Does the method of downsizing of images affect prediction accuracy? Should I always use the ei function for this? Would there be advantages in downsizing by a power of 2 (eg 8x to 150x150) and retraining the model to 150x150 input size?
Alternatively, is it more likely there is some other reason for the poor results?
You should try to stick to our resizing as it happens before the model is trained, then that data is used to create the model you will need to match our resizing if you are doing so again, not sure how Irfanview handles things but that could be adding more issues on resizing, see if you can find out what Irfanview is doing or remove that step.
You can see exactly how it’s done in our open-source processing block here:
Resizing an image multiple times (e.g., 1200 > 240 > 120) also compounds data loss on the fine details in the image. So even if they do use the same method there will be loss doing an additional step
Checked out your project really quickly and noticed it was uploaded from S3 so you could hopefully use some of this information to improve your workflow. Let me know if you need any additional info around your hardware and workflow, we have a bunch of hardware specific guides.
See also our model optimization guidelines in the docs these sections should help -
Thanks Eoin, that’s helpful advice. I will review those docs tomorrow.
NB using IrfanView was just for testing and is not part of the final architecture. I just needed to scale down by a factor of 5 for the test. But that may be where errors have been introduced.
Am I right in thinking that I can pass images of any size into run_classifier and it will resize as necessary internally? I need to grab a 1200x1200 JPG image from the camera anyway so rather than resizing it myself I think I could convert to RGB888 (I will have just enough memory) and pass into run_classifier as the signal. Presumably I need to set signal.total_length to 1440000 rather than 120x120.
For better efficiency perhaps I should retrain the model at 150x150 so the scaling is 8X rather than 10x
8x should work better but the other steps I shared in your other post like class imbalance etc will be the first port of call.
Resizing will happen when you pass to the run classifier, but 1200*1200 images will need to process and buffer on the device you run on so just be aware of that for implementation of the application side.
Re: Class imbalance
The principal classes we see in images are European and Asian Hornets. Smaller insects such as flies and wasps are mostly ignored by a pre-screening process that only triggers on new blobs of sufficient size. Smaller insects do appear in some images but usually only in conjunction with larger insects.
Should we either:
actively seek out further images of smaller insects from our collected data to boost their representation in the training data so they can be correctly identified as different from the target insects or
remove them entirely as a recognized class (ie remove the bounding boxes where they do occur) so they get treated as background
boost their significance using Auto-Weight
Generalising this for others: is it better to train a FOMO model with all the classes it might encounter in an image or can less common classes of no interest be ignored and handled as background.

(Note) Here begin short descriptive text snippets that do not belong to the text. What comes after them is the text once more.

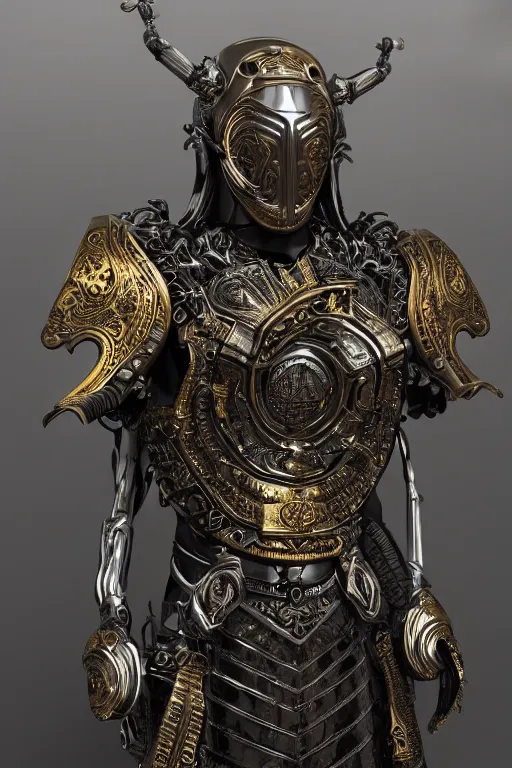 Image similar to hyper realistic glorious ancient celtic god in a obsidian metal armor, futuristic design, designed by makoto kobayashi and luca zampriolo, portrait, cyberpunk style, wood and gold details, intricate, extremely detailed, ornate, deep of field, hard surface, exoskeleton, substance designer metal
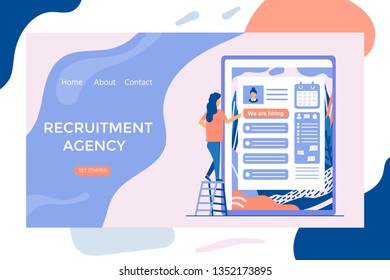 Recruitment agency concept with characters for social media, documents, employee hiring, web banner, infographic, landing page. Illustration for recruiting, recruit resources, choice, research. Vector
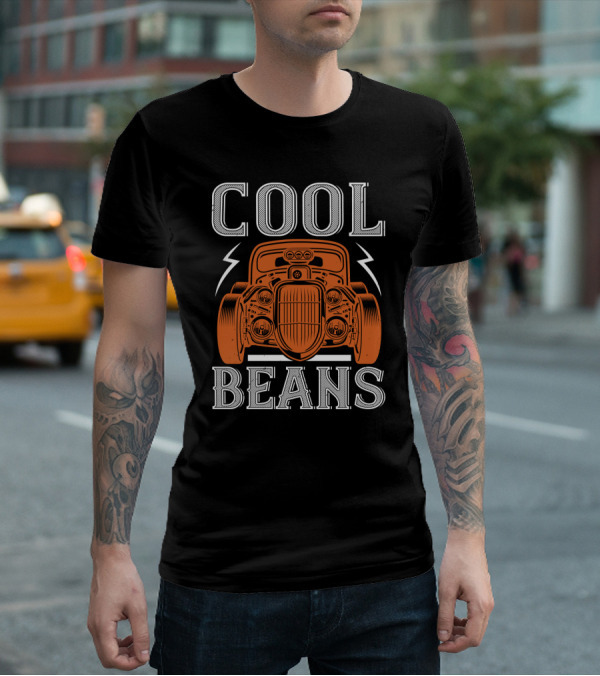 COOL BEANS Orange Vintage Car With Lightning Bolts T-Shirt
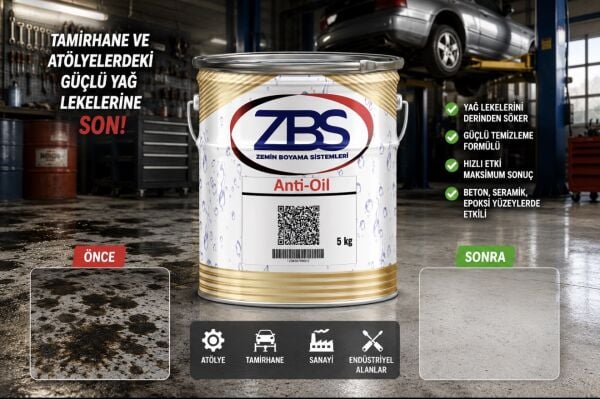 ZBS Anti-Oil 5kg. (Zeminde motor yağı, yanık yağı vb. yok eden güçlü solüsyon)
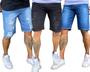 Imagem de Kit 3 Bermudas Jeans Masculinas Rasgadas Cores Variadas Destroyed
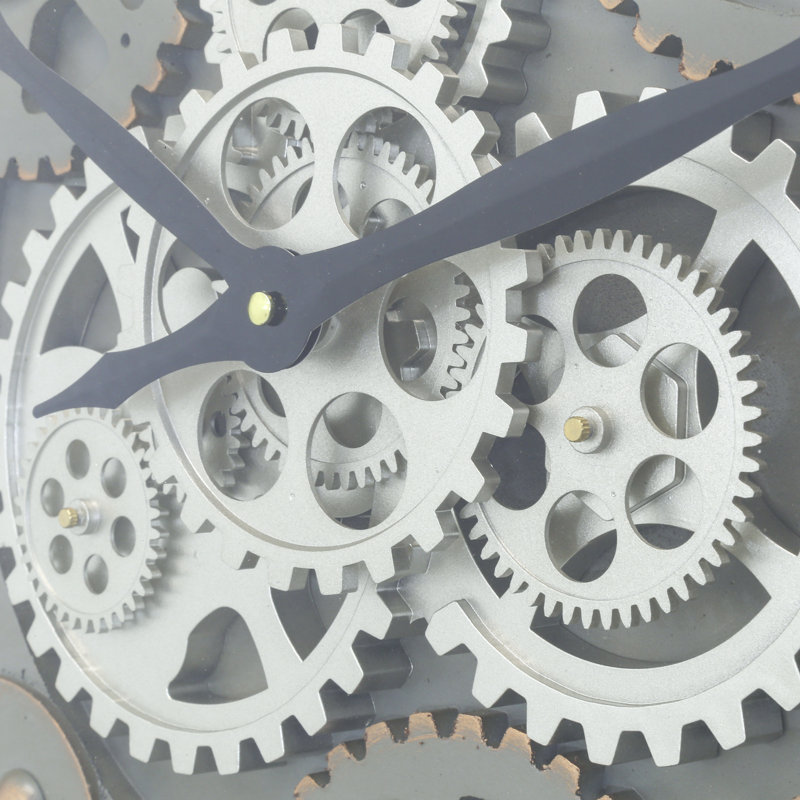 Large Black Metal Industrial Wall Clock with Open Moving Gears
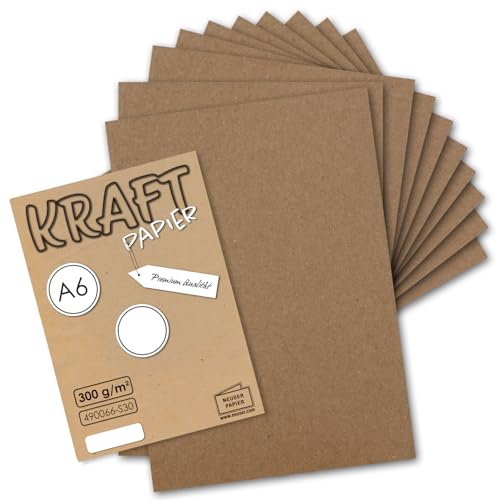 25x Kraftpapier braun Bastel- Bogen A6-105 x 148mm - Bastelpapier, Tonpapier, Buntpapier, Fotokarton, Postkarten aus Natur-Karton - 300 g/m² von NEUSER PAPIER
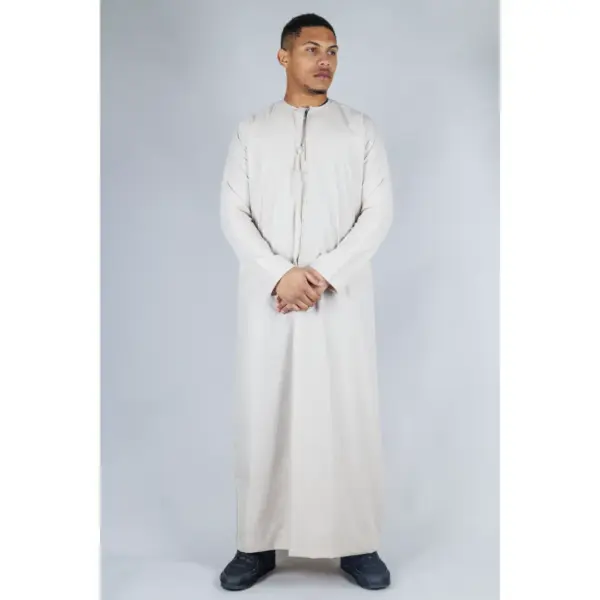 TT 001 Mens Beige Thobe Emirati Islamic Clothing String 2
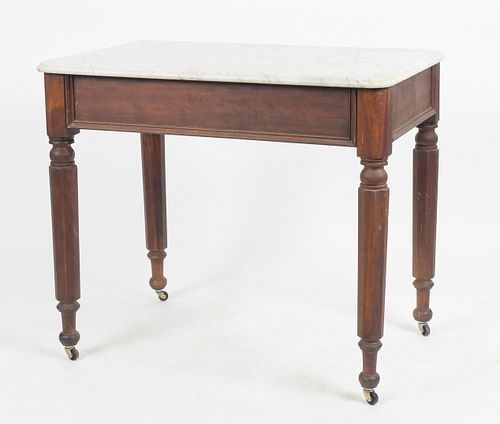 American Mahogany and Marble Side / Pastry Table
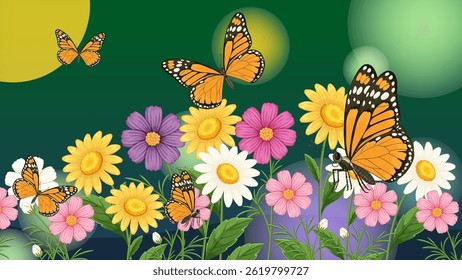 Borboletas coloridas flutuam entre margaridas brilhantes e montanhas-russas em um ambiente exuberante e verde. Ilustração de vetor vívido com elementos detalhados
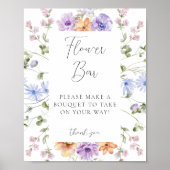 Wildflower Vrijgezellenfeest Bloem Bar Teken Poster (Voorkant)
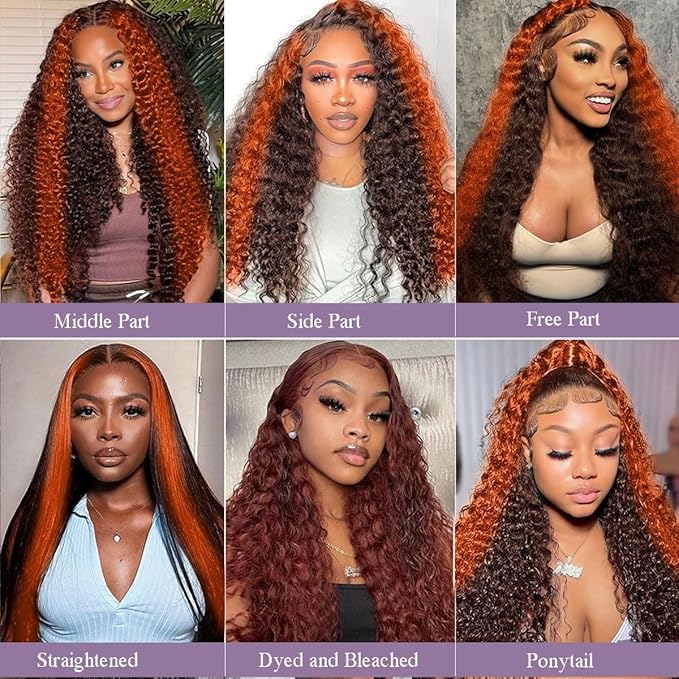250 density Deep Wave Lace Front Wigs Human Hair Pre Plucked Hairline Glueless Wigs Human for Women 13x6 HD Lace Front Wigs Ginger Orange Curly Human Hair Wig Brazilian Hair 22 Inch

I’ve have spent several days trying to get a 300x300 input size model to run on my ESP32S3 target processor. I cannot get it to work at all. Every image presented results in no inferences. There are no error or warning messages produced.
Steps to reproduce:
To test I modified the Edge Impulse Arduino examples > esp32 > esp32_camera sketch
to receive Raw Features copied from one of the training sample images (labelled as 175943). These are loaded into an array in PS_RAM and injected as float into ei_camera_get_data(). For the 300x300 image model there are 90000 Raw Features. There are 0 bounding_boxes in the result.
To confirm the logic I ran exactly the same code including a model library trained with 120x120 images and Raw Features from the same 175943 image (now 14400 features). This worked. It detected a single bounding_box with the same score as the training website.
I also ran it using an included model with 150x150 images (the 175943 training image now has 22500 raw features). This also worked and produced the expected score.
Are there soft limits on e.g. classification time or memory used that stop large models from running? What would stop run_classifier from detecting an object in one of its training images when it works on the training website?
Development environment:
Xiao ESP32S3 Sense with 8Mb PS-RAM
Platform IO running on Windows 10
Model deployed as C++ library (int8)
I prefer:
uint32_t r = snapshot_buf[pixel_ix + 2];
uint32_t g = snapshot_buf[pixel_ix + 1];
uint32_t b = snapshot_buf[pixel_ix ];
uint32_t feature = r << 16 | g << 8 | b;
out_ptr[out_ptr_ix] = (float)feature;
With this change I can resize images using the normal Espressif image_converters from 1200x1200 to 150x150 before passing to run_classifier and the inferences match the ones predicted in Studio.
I would still like to know why 300x300 images don’t seem to work but the accuracy at 150x150 is good enough for my purposes now.